Ingredients:

  • 4 cups (112g) pre-shredded coleslaw mix (cabbage and carrots)
  • ⅓ cup (80ml) mayonnaise
  • 2 tablespoons (30ml) white wine vinegar
  • 1 tablespoon (15ml) granulated sugar
  • 1 teaspoon (5ml) Dijon mustard
  • ¼ teaspoon (1.25ml) celery salt
  • ⅛ teaspoon (0.6ml) black pepper
  • Optional: 1 tablespoon (15ml) finely chopped fresh parsley, for garnish

Instructions:

  1. In the mixing bowl, add mayonnaise, vinegar, sugar, Dijon mustard, celery salt, and black pepper.
  2. Whisk all the ingredients together until smooth and the sugar is dissolved.
  3. Add the pre-shredded coleslaw mix to the bowl.
  4. Gently toss the cabbage mix with the dressing until well coated.
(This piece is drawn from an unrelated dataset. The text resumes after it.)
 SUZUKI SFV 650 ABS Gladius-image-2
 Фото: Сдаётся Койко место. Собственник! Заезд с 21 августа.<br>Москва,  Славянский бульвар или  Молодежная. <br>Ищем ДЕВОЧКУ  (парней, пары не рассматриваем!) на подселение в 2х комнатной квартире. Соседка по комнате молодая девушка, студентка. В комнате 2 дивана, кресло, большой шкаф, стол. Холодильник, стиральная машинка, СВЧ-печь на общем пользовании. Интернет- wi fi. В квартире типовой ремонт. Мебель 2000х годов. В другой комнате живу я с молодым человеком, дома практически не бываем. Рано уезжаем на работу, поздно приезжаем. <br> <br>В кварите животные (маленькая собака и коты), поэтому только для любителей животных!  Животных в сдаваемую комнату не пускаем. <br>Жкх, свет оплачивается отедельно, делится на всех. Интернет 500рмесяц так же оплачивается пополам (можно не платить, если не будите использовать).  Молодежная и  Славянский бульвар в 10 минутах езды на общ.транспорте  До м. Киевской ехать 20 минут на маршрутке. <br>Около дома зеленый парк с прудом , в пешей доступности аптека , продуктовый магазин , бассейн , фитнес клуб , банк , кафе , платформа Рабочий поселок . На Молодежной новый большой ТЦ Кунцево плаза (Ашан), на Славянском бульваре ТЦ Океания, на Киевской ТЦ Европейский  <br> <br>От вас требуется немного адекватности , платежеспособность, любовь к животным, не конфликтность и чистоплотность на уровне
Ensure all the shredded cabbage is evenly coated with the dressing.
  5. Taste the coleslaw and adjust seasonings as needed. Add more sugar for sweetness, vinegar for tang, or pepper for a bit of a kick.
  6. For best flavour, cover and chill in the refrigerator for at least 30 minutes before serving. This allows the flavours to meld.
  7. Serve immediately or store in the refrigerator for later.